Pour Assumani Budgagwa, auteur de l’ouvrage « Noirs-Blancs, Métis », ce drame des enfants métis n’est ni plus ni moins qu’une forme d’apartheid instaurée dans un contexte historique particulier. À cette époque où la barrière des couleurs était réelle, mais où des rencontres et des unions entre blancs et noirs se produisaient évidemment, la naissance de personnes nées de couples mixtes n’était pas prévue dans la charte coloniale. C’était donc un problème pour l’État colonial qui veillait à une forme de ségrégation, avec le soutien de l’Église catholique et, très souvent, le consentement tacite des géniteurs blancs. Pourquoi ? Essentiellement, parce que le métissage était perçu comme un danger pour cet État colonial qui voulait à tout prix éviter qu’il ne devienne le ferment d’une révolte contre lui.

Dès le début du vingtième siècle et ensuite au terme d’un congrès organisé en 1935, l’État belge a eu pour objectif d’« éviter les unions mal assorties », une vision qui incarnait une voie médiane entre les thèses raciste et paternaliste. Pour les enfants concernés, l’une des principales conséquences a été l’absence de statut juridique. Autre conséquence, la ségrégation a été très marquée au niveau scolaire, avec la création d’écoles spéciales pour les métis à partir de 1944, avant que certains d’entre eux d’origine plus aisée ne soient admis dans les écoles pour européens en 1948.

Le transfert vers la Belgique qui s’est concrétisé de 1959 à 1962 a fait de ces enfants des orphelins. « Beaucoup de mamans ont continué à chercher leurs enfants, souligne Assumani Budgagwa. Il y a un devoir de réparer le préjudice de ces mamans souvent présentées comme des mères indignes ayant abandonné leurs enfants, car, pour que les enfants les oublient, il fallait les salir. » Au-delà des cas individuels, l’auteur voit aussi la nécessité d’un devoir de mémoire envers tous ces métis, victimes d’un traitement inhumain pour la seule raison qu’ils étaient considérés comme un danger pour la pérennité des intérêts coloniaux.
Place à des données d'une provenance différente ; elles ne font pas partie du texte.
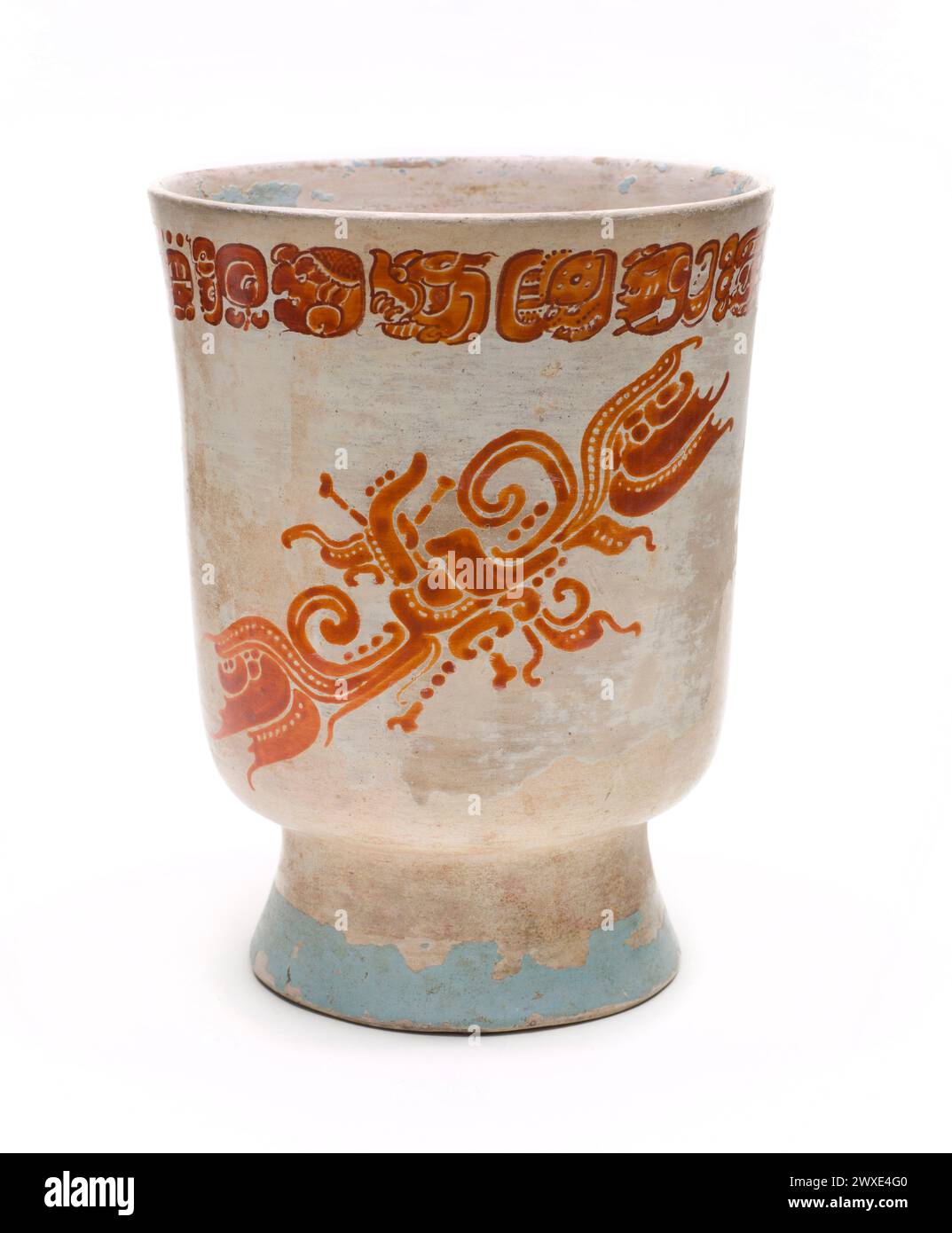 Polychrome Cylinder Vessel with Pedestal Base Guatemala or Mexico, Northern Peten or Southern Campeche, possibly Los Alacranes, Maya, 650-800 CE. Slip-painted ceramic with post-fire stucco and pigment. 16.8cm high. Stock Photo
Porter à la connaissance de tous

Aujourd’hui, un grand travail de sensibilisation est en marche autour de cet épisode d’histoire honteuse des enfants métis. Philippe Mahoux, sénateur honoraire, en a attesté. Une séance témoignage a déjà eu lieu au niveau du Sénat qui a amené ce dernier à déposer plusieurs résolutions au Parlement à l’intention du gouvernement. « Tout cela a fait l’objet de discussions approfondies, témoigne l’ex-sénateur. Il s’agit de porter ce problème à la connaissance de tous, de le porter sur le terrain politique et d’induire une reconnaissance par le pouvoir politique de ce qui s’est passé, c’est-à-dire de la responsabilité de l’État dans cette action politique basée sur le concept du racisme. » Un drame qui n’est pas sans rappeler le sort des réfugiés aujourd’hui…

Dominique Watrin

Sous le rideau, la petite valise brune de Françoise Thiry, Éditions M.E.O., 2017, 204 pp.